10-11-2012 03:16 PM
I found the following code to calculate the average (below). I'm a beginner and would like to know if this code is optimal for datasources with over 4 million records? The goal is to have the capability to write a data set that calculates the averages. Again, this is my first time so I might be in the wrong forum. Sorry.
input id month packs @@;
1 1 10 1 2 20 1 8 99 1 5 30 1 1 30
2 1 100 2 3 200 2 7 999 2 3 300 2 8 888
3 10 999 3 11 999
total = 0;
n = 0;
total + month;
if n then average = total / n;
do until (last.id)
10-11-2012 05:03 PM
I'd like to have the flexibility view various variables like:
Employee Department Salary Type Number of Employees Employee Average Salary Last year's Average Salary Difference/Ratio change
John Doe Finance 25000 Mid Manager 20 20000 17000
Plus, using a data set procedure allows me to double check my work against a SQL procedure.
10-11-2012 03:29 PM
Depends on if your data is sorted and you need it re-merged.
If the data is not sorted and you don't need it remerged then this is not the most efficient way.
10-11-2012 05:06 PM
As a beginner, an important lesson to learn is NOT to omit the necessary semi-colons. Your code wouldn't even run as posted.
Just as important, do you really want to calculate the average month or are you really trying to calculate the average packs?
Regardless, given that your data is already in ID order, yes it will run quicker than any of the procs. However, the caveat is that you have to type all of the code. When you are doing either multiple and/or more complex calculations, writing the code will probably take you longer than the running time you will save.
10-11-2012 05:34 PM
Prior to posting my response, I expanded your example to have 4.5 million records. Your code (with semicolons added) ran faster than proc means/summary and proc sql.
10-11-2012 06:24 PM
Yes, the code you originally proposed runs faster. The problem is the time required to write it which, for anything complicated, could easily take longer than the time saved and introduce more opportunity for error.
10-11-2012 06:57 PM
No, the OP's example data was already sorted. However, to make coding even more complex, even if it weren't sorted, I would have to think that including a sort-via-hash would still be faster.
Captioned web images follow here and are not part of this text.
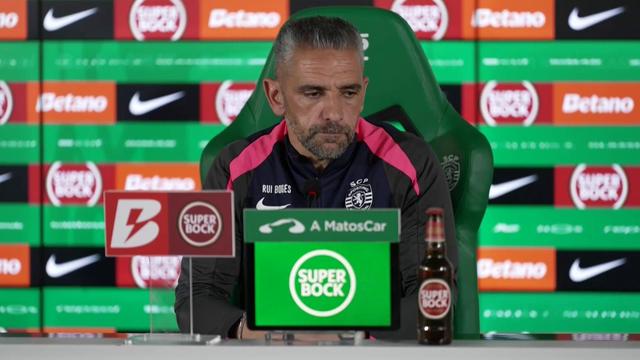 Rui Borges espera um FC Porto muito pressionante para receber o Sporting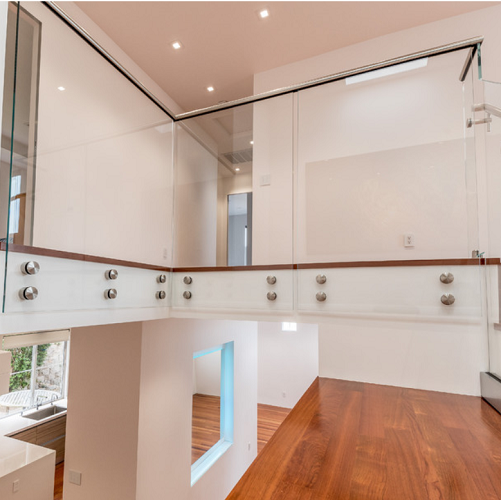 Frameless Glass Balustrade Pin Clamp Standoff Glass Railing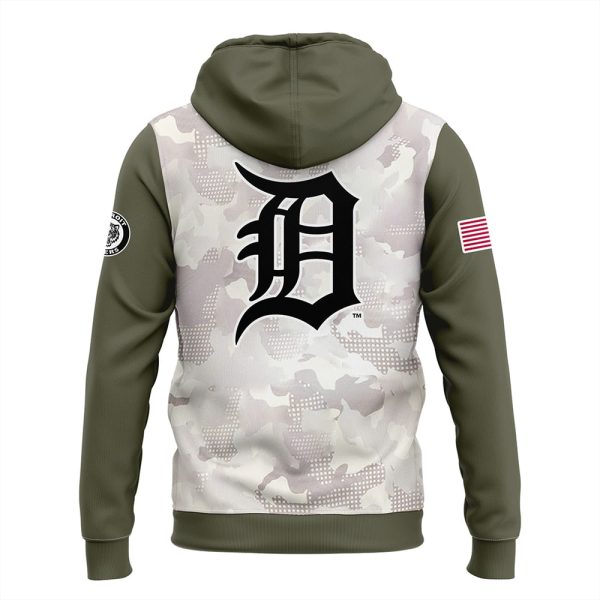 Detroit 2025 Armed Forces Day Hoodie 3
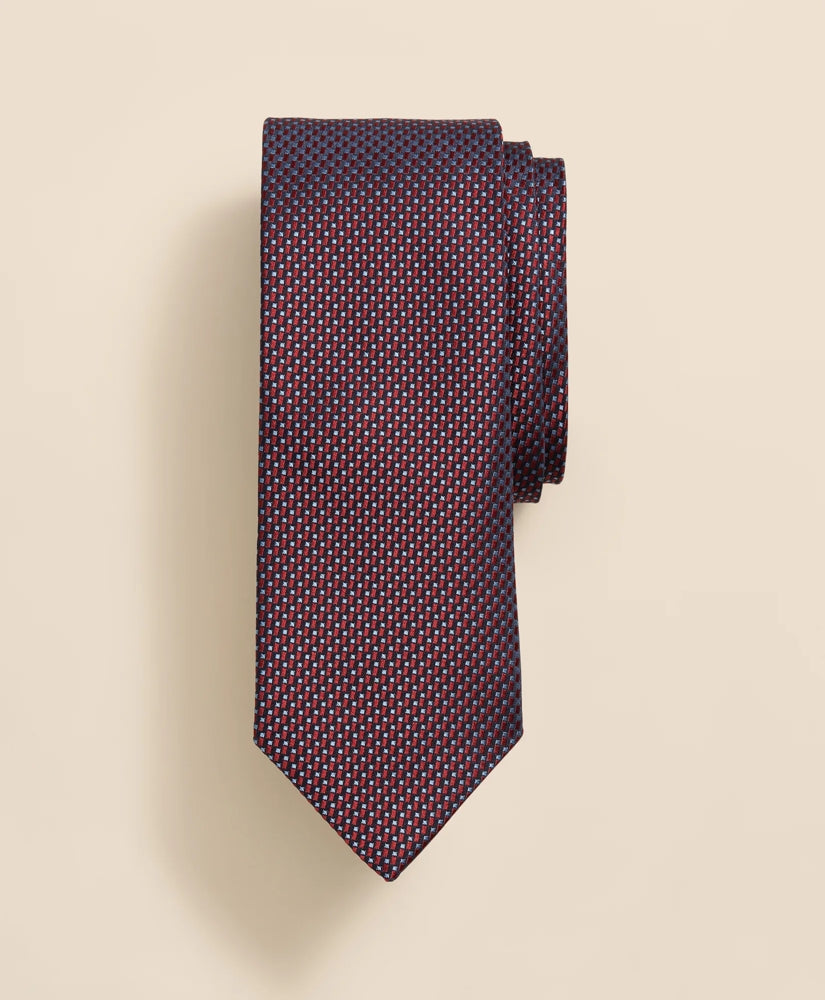 Silk Mini Geometric Tie | Brooks Brothers online - US 8998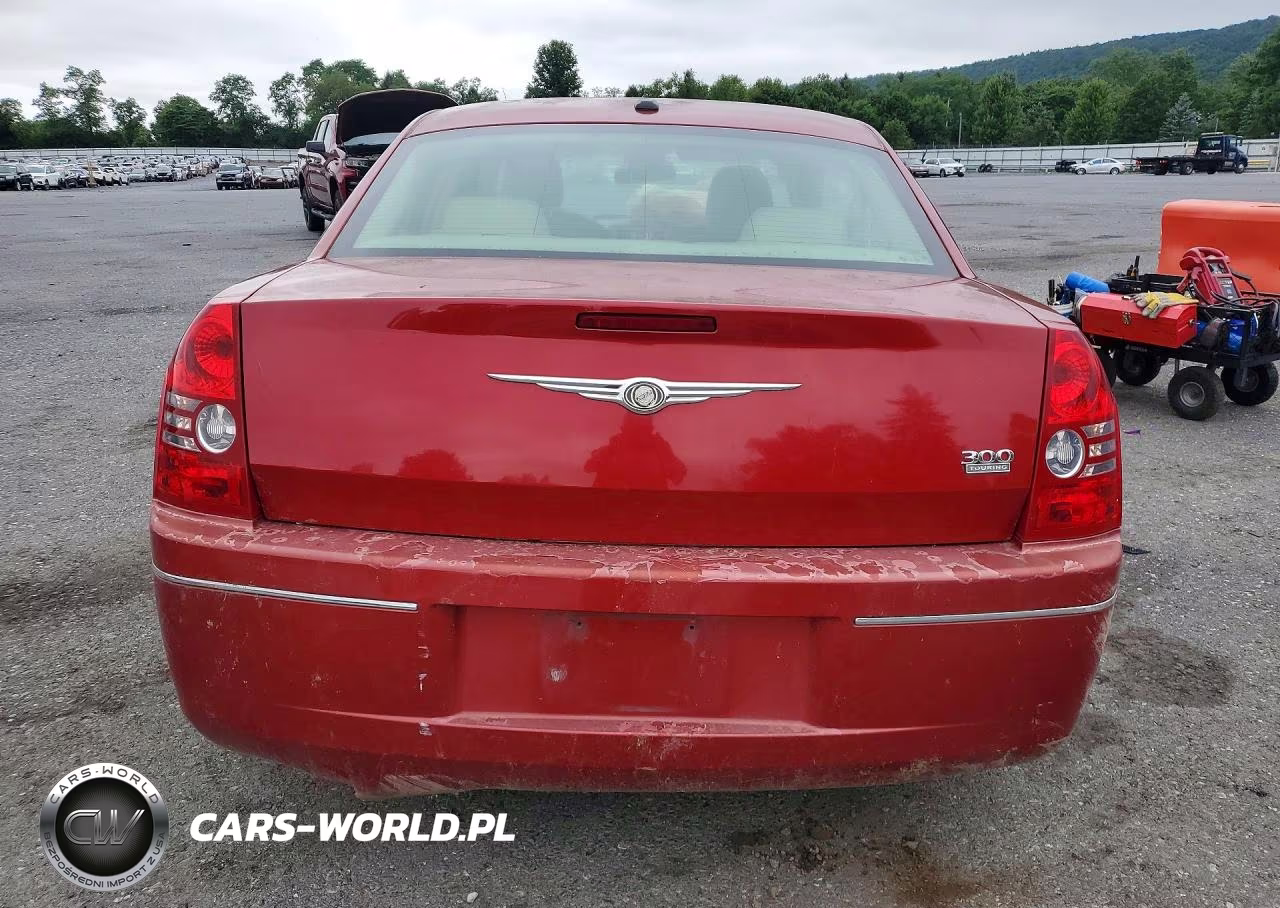 2009 Chrysler 300 Touring VIN:2C3LA53V89H577421 - 6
I'm not recommending the code-your-own approach, just answering the original question whether data step processing is more efficient (processing wise) than other methods.
10-11-2012 07:32 PM
Is your data originally in a SAS data set, or are you first reading in a sorted raw data file? If you are starting with the sorted raw data file, you could modify the first DATA step to produce your averages.